The standard definition of a help desk is that it is a place to get help and support on products and services, especially those related to IT. While the term is still widely used, it’s increasingly used in a colloquial, informal way. Many areas which were formerly known as “help desks” have now been officially rebranded, often to service desks or support desks.
In the strictest terms, however, there is a difference between a help desk, a service desk and a support desk and this difference needs to be clearly understood so that it can be reflected in the decisions you make, including the tools you purchase for your agents. With this in mind, let’s take a closer look at help desks versus service desks and support desks.
Help desks
The defining feature of a help desk is that it is reactive. While the concept of reactivity has acquired something of a negative connotation over recent years, this is unfair. The fact is that even with the best planning in the world, sometimes unexpected events are going to occur and you just have to deal with them.
A standard help desk will receive communications from users (possibly internal, possibly external) and will gather all the relevant information about them. They will aim to resolve the query there and then and capture the details for the customer’s record. If they cannot, they will undertake at least basic triage, route the query appropriately and set an expectation as to the next steps and timescales to resolution.
Information from help-desk records can often be used to inform the business as a whole, but a help desk does not really get involved in strategic activities, with the possible exception of contributing towards relevant customer-facing content such as FAQs and knowledge-bases.
Service desks
According to ITIL, a service desk is a “single point of contact between the service provider and the users.” Whereas a help desk reactively handles individual queries, a service desk will proactively manage a service. In particular, it will develop processes, communicate them to users and monitor compliance with them. Service desks are often heavily involved in organizational strategy, especially in areas where technology can contribute to business development and also in change management.

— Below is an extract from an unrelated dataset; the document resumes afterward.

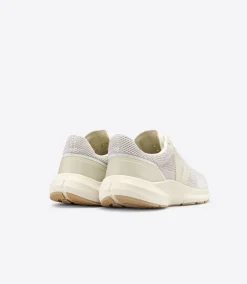MARLIN V-KNIT CHALK PIERRE NATURAL><noscript><img width=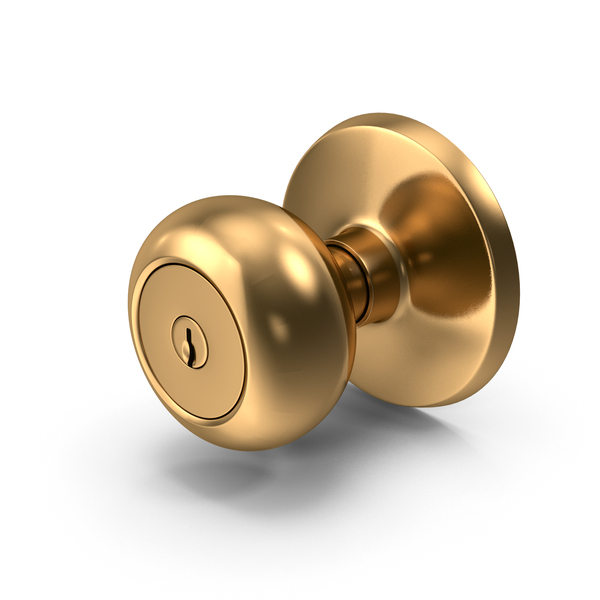 Detail Door Handle Png Nomer 16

As service desks are essentially management functions, it is quite common for the hands-on tasks to be performed by other areas under the supervision of the service desk. This can include the help desk, although it is also fairly common for the help desk to be incorporated into the service desk, to create a complete one-stop-shop for users.
Support desks
The term support desk seems to have crossed over from other industries and is often used as a synonym for customer service desk. While the definitions of support desk and customer service desk are still fairly informal, these terms generally relate to business areas where there is an emphasis on managing the relationship with the customer rather than just solving problems or managing the provision of a service.
What this means in practice
The reason why you need to be very clear about what function a business area performs is so that you can support that business area in the most effective way possible. In particular, it means getting them the tools it needs and ideally the tools it genuinely wants, but not weighing it down with “functionality” which serves no practical purpose.
In short, you want to keep any software you use as simple as you possibly can, so that users can perform tasks with the minimum of effort and hence save their brain-power for helping the human customer.
If all you are running is a basic help desk, then all you need is basic help desk software. It’s usually far more important to have a clean, intuitive interface than to have a whole pile of “value-add features” which “might come in handy” some day. If you plan to introduce a proper service desk in the future, then wait until you are ready and then buy into a fully-fledged IT service management product.
Even if a software vendor offers you a really great deal, the simple fact is that software is a very fast-moving industry and so by the time you are ready to implement your service desk, there is a very good chance that the same money will get you a better solution in any case. Additionally you will be training staff on software they will actually be using, which gives them a better chance of remembering what they are taught.